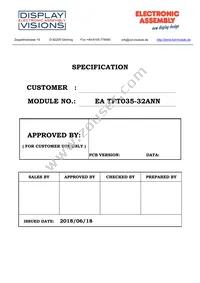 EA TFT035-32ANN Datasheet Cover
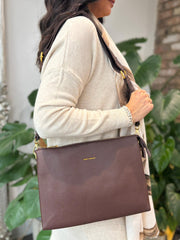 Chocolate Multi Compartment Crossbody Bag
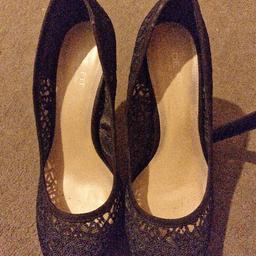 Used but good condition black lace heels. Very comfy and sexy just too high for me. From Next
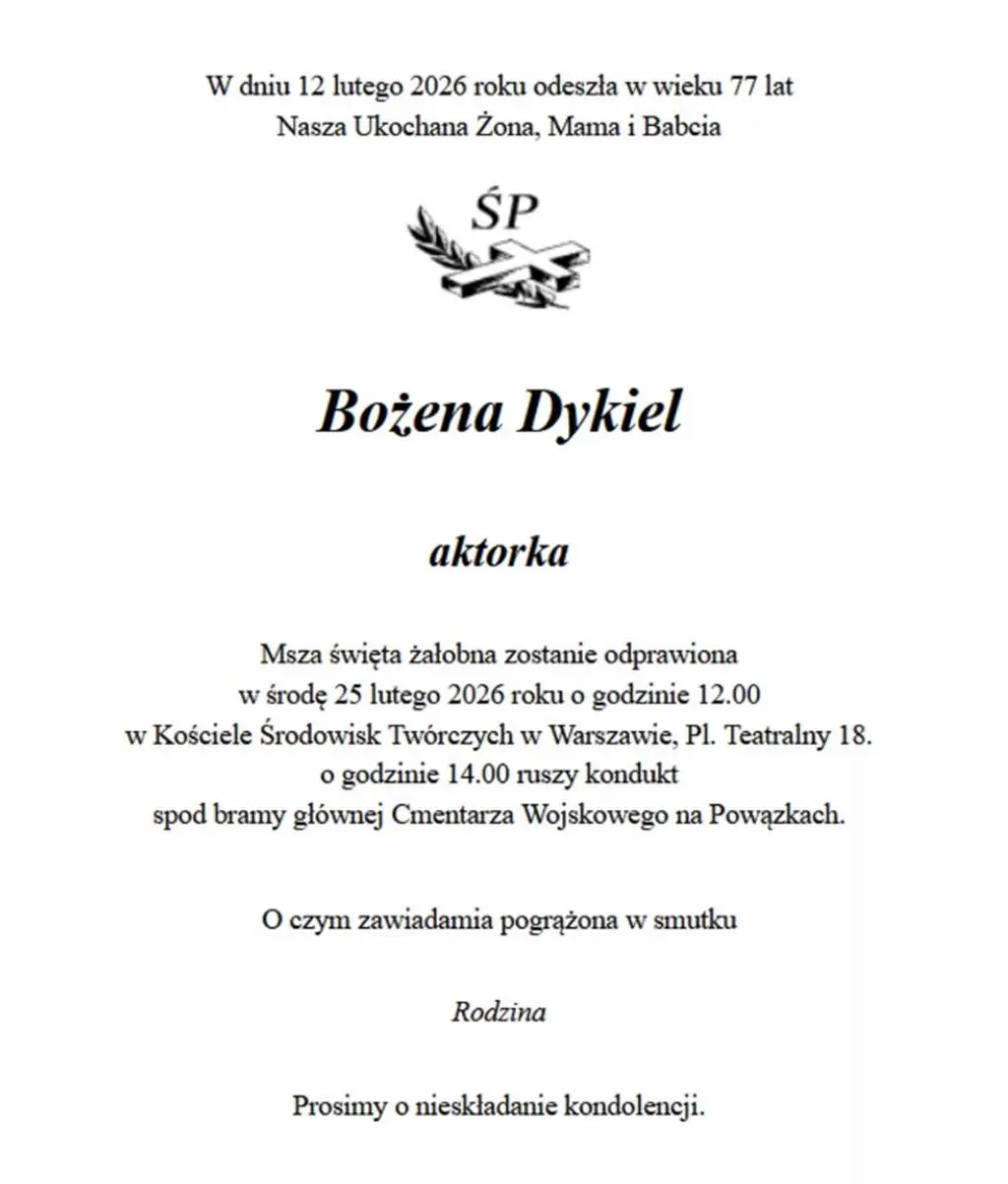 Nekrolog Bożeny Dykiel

**Exercise directions**
Output the whole listing without change. Any picture is to be left out.

**Output below**
 EA TFT035-32ANN Datasheet Cover
 Chocolate Multi Compartment Crossbody Bag
 Used but good condition black lace heels. Very comfy and sexy just too high for me. From Next
 Nekrolog Bożeny Dykiel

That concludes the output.